(Beginning of AVAILABLE DATA)

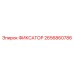 2656860786 ФИКСАТОР Epiroc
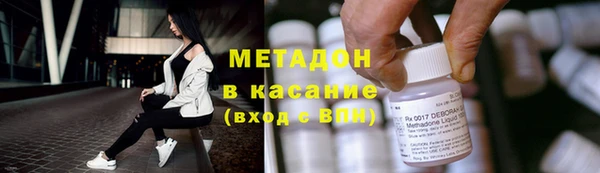 мяу мяу мука Волосово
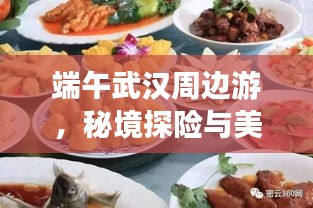端午武汉周边游，秘境探险与美食打卡的双重盛宴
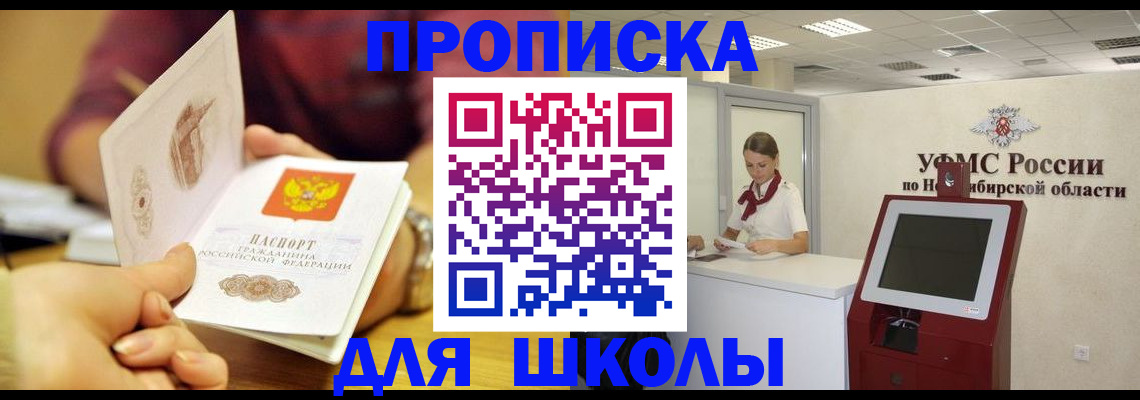 прописка законно в Кандалакше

(End of AVAILABLE DATA)

> [WHAT IS NEEDED]: When you reach an image, pass over it, and retype all other material exactly.

> [EXERCISE OUTPUT]:
 2656860786 ФИКСАТОР Epiroc
 мяу мяу мука Волосово
端午武汉周边游，秘境探险与美食打卡的双重盛宴
 прописка законно в Кандалакше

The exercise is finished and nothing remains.